## Work request
Using the material below, repeat exactly the lines from the one with "Or in case that" through the one with "Welcome back to", ends included, without any images.
*** Exercise inputs Section Begins ***
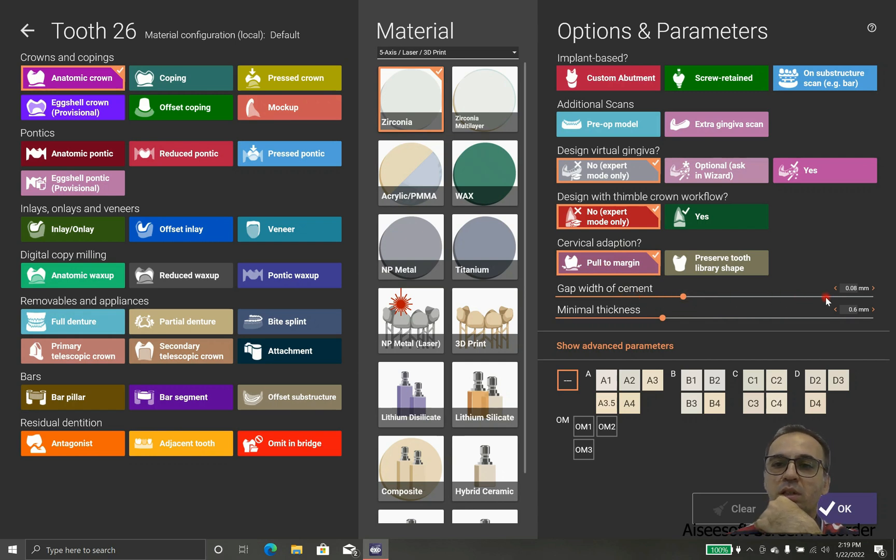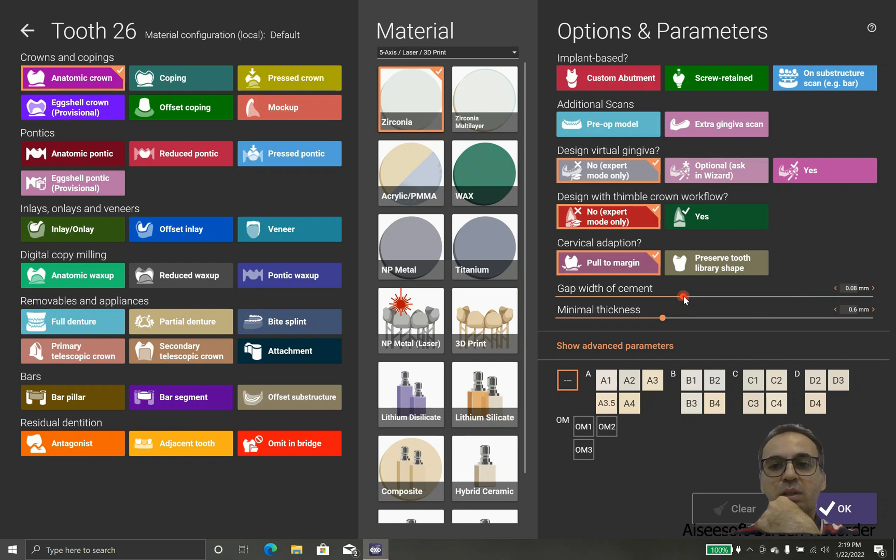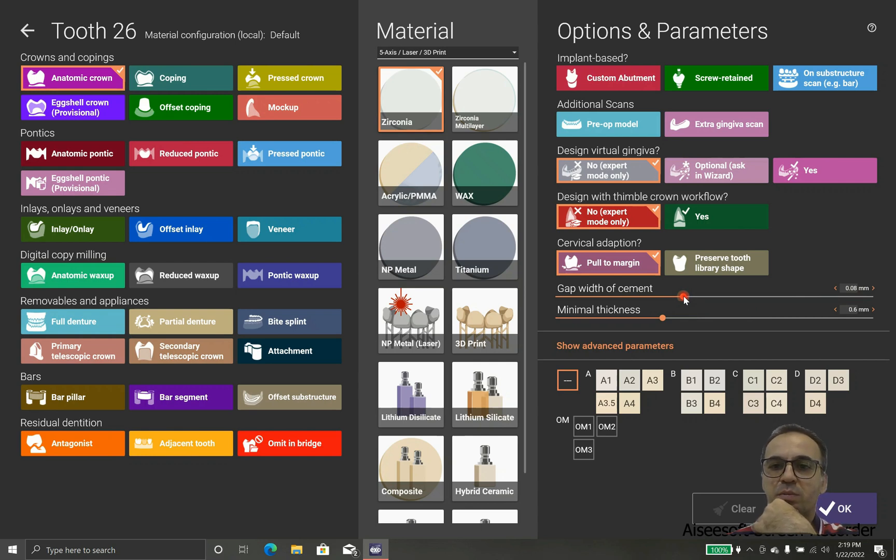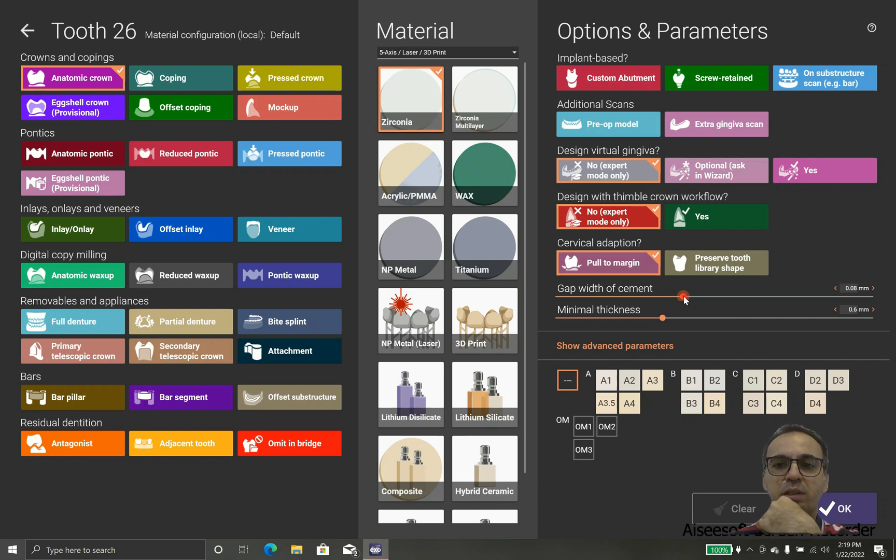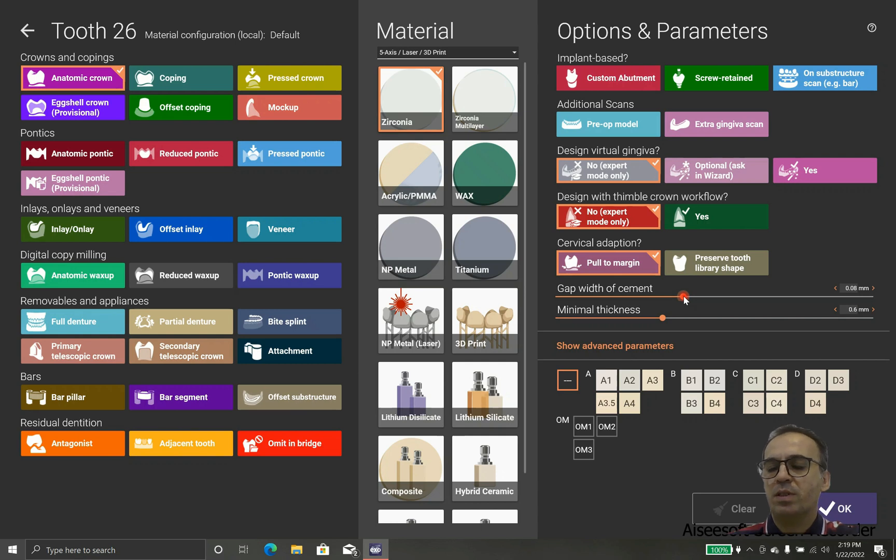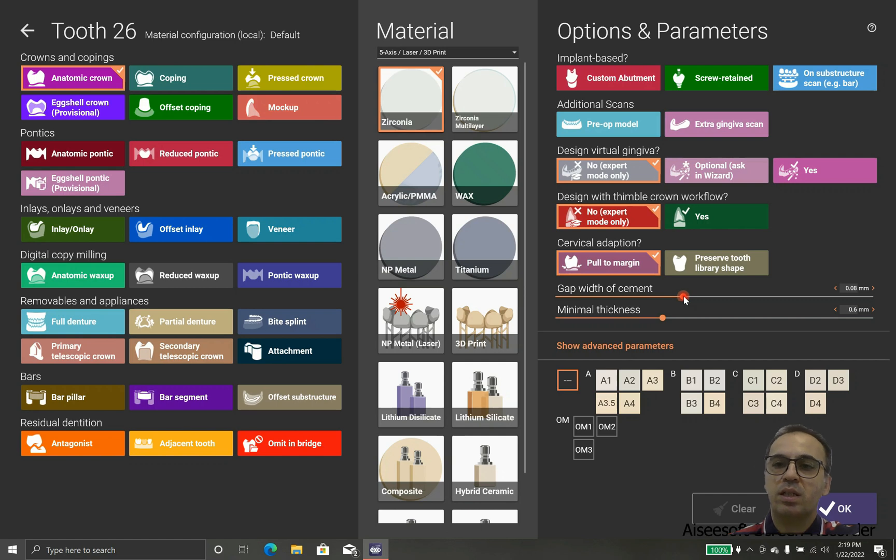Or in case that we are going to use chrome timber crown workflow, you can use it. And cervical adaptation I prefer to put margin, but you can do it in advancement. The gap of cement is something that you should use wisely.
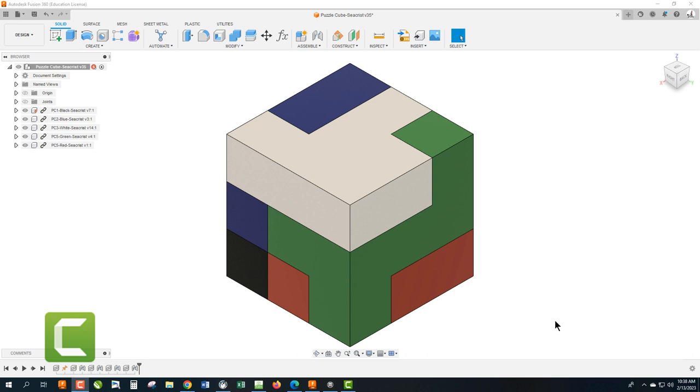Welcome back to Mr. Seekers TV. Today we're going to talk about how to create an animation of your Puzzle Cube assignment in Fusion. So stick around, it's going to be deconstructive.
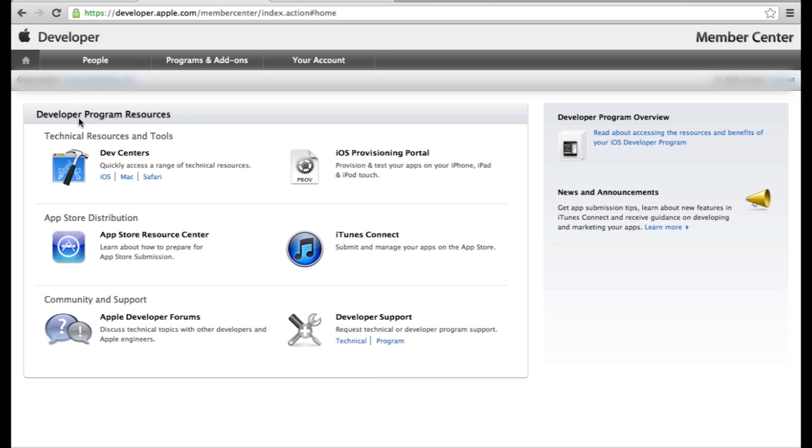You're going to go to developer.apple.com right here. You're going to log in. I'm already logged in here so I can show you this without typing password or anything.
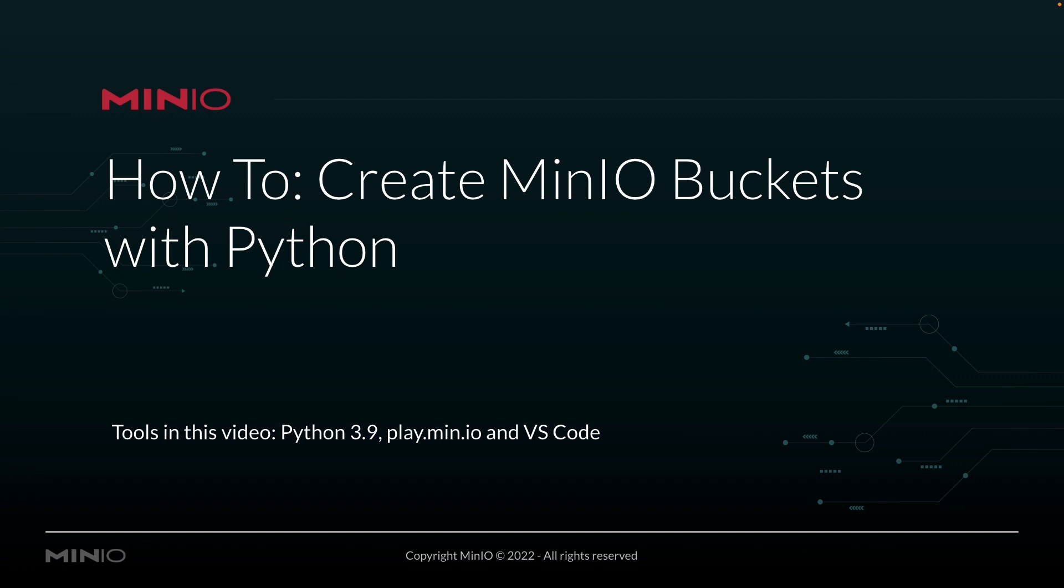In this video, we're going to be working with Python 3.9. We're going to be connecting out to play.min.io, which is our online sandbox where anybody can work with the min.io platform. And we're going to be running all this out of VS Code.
*** Exercise inputs Section Ends ***
*** Exercise inputs Section Begins ***
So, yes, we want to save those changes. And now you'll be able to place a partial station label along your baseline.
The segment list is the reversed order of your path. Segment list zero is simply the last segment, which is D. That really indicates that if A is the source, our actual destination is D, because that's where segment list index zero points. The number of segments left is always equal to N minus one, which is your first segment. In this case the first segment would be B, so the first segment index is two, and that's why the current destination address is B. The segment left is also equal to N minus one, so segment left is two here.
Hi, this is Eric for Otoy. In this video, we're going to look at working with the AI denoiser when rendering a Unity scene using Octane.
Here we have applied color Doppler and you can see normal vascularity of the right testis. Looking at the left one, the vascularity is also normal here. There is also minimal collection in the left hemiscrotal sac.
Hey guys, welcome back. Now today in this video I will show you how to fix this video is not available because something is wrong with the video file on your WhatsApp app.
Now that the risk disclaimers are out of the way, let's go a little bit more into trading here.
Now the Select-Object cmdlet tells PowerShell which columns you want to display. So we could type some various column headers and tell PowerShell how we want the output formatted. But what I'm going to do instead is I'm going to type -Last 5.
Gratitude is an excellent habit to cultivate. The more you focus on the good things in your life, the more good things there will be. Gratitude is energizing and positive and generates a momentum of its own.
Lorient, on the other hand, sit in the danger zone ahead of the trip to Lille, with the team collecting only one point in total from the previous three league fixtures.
*** Exercise inputs Section Ends ***
## Task output
Or in case that we are going to use chrome timber crown workflow, you can use it. And cervical adaptation I prefer to put margin, but you can do it in advancement. The gap of cement is something that you should use wisely.
Welcome back to Mr. Seekers TV. Today we're going to talk about how to create an animation of your Puzzle Cube assignment in Fusion. So stick around, it's going to be deconstructive.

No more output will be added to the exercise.